*** SOURCE MATERIAL Section Begins ***

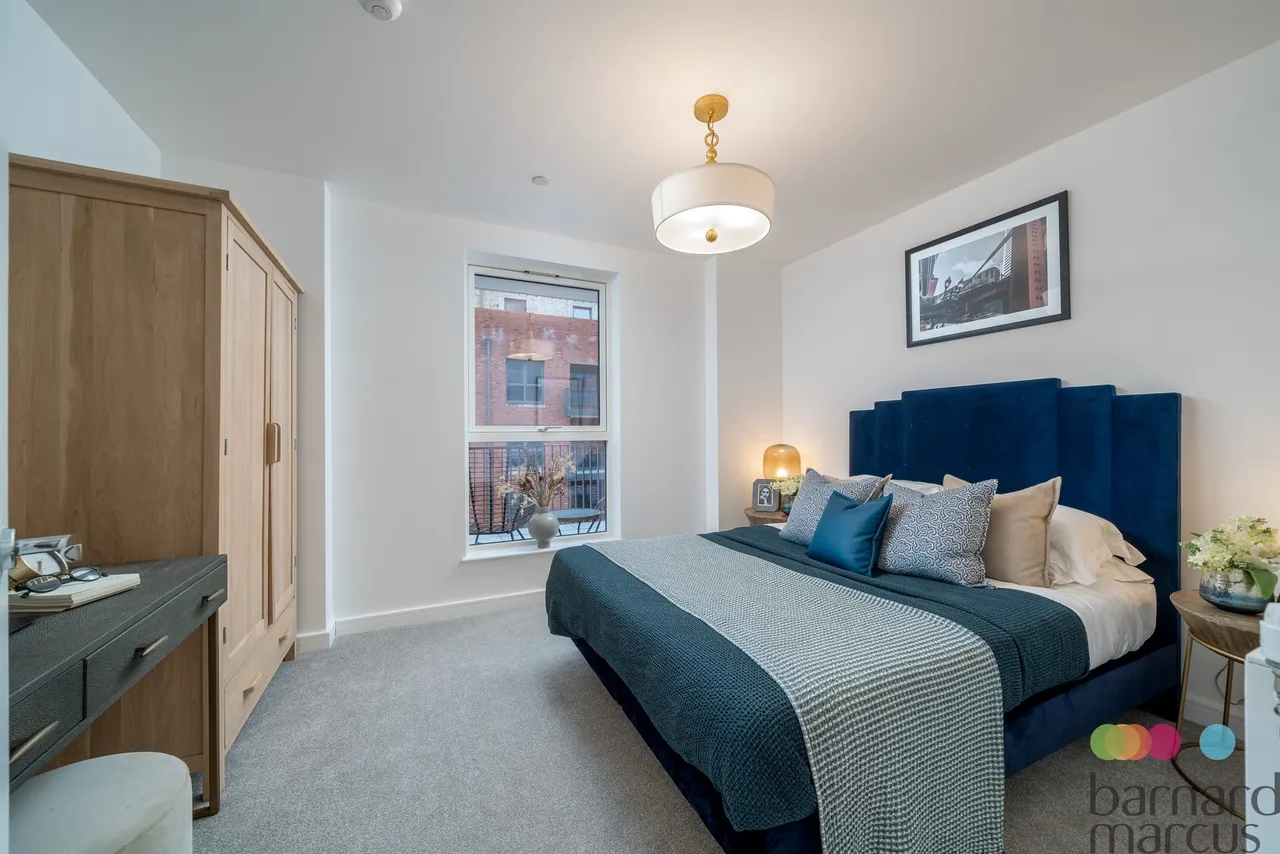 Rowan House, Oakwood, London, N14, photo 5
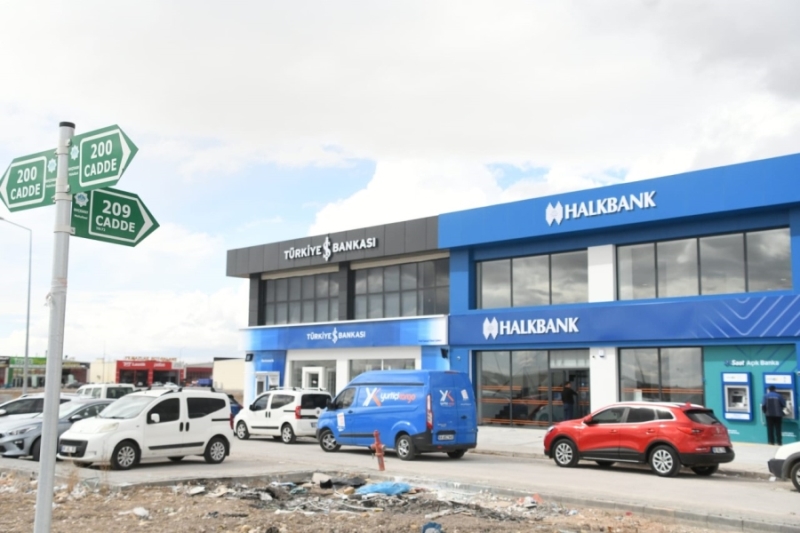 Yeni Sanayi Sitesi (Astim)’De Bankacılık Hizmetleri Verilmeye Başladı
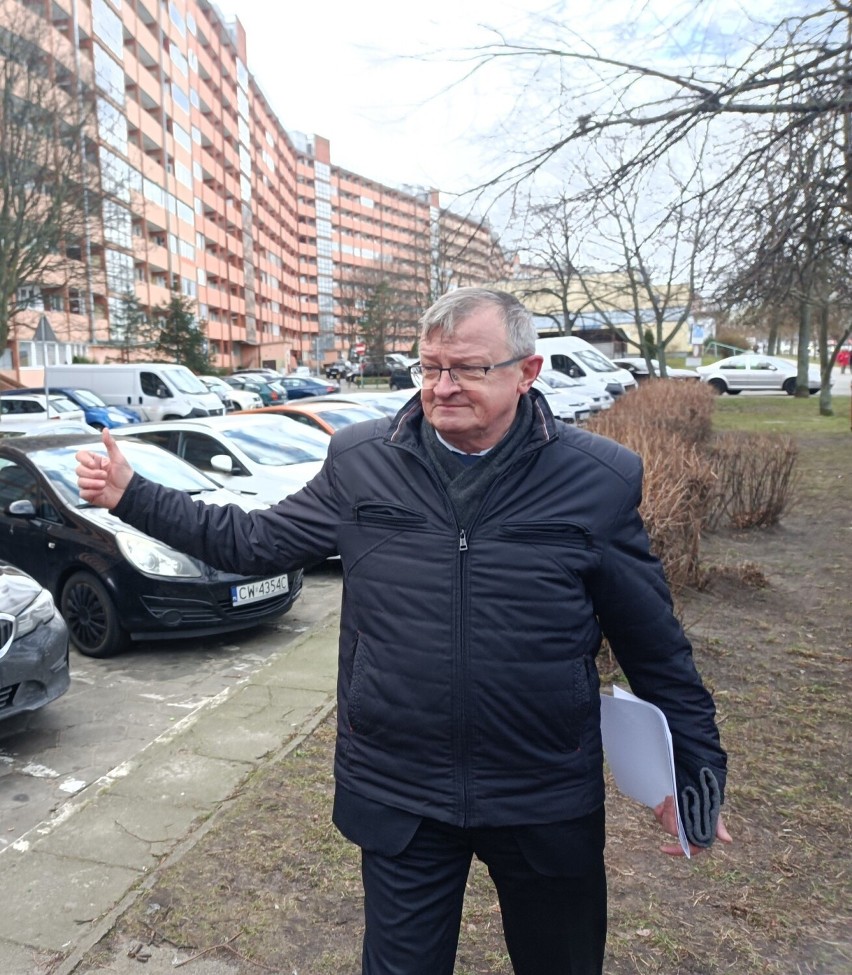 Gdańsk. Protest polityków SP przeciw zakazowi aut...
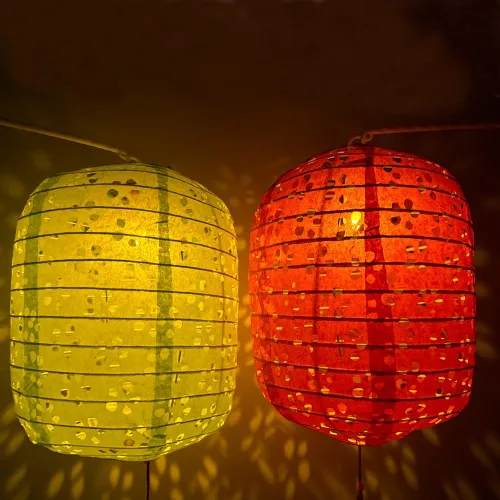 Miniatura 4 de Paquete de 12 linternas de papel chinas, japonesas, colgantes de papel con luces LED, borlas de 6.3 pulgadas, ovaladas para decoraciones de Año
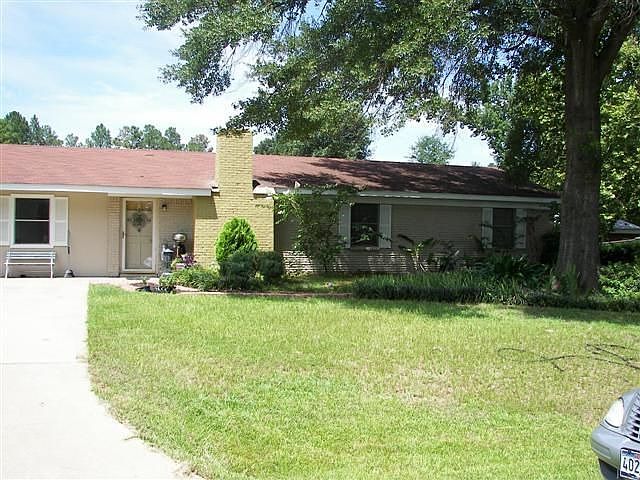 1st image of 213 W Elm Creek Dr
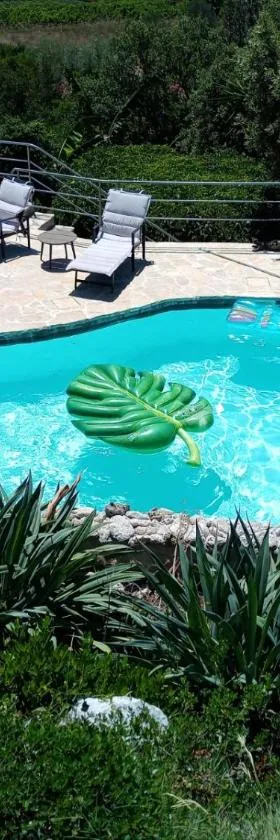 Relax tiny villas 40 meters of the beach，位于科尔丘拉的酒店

*** SOURCE MATERIAL Section Ends ***

● **EXERCISE**:
Exactly the lines from the one containing "Gdańsk. Protest polityków" through the end of the data above: repeat those, both ends included, and nothing else. Skip the pictures.

● **RESULT OF THE TASK**:
 Gdańsk. Protest polityków SP przeciw zakazowi aut...
 Miniatura 4 de Paquete de 12 linternas de papel chinas, japonesas, colgantes de papel con luces LED, borlas de 6.3 pulgadas, ovaladas para decoraciones de Año
 1st image of 213 W Elm Creek Dr
 Relax tiny villas 40 meters of the beach，位于科尔丘拉的酒店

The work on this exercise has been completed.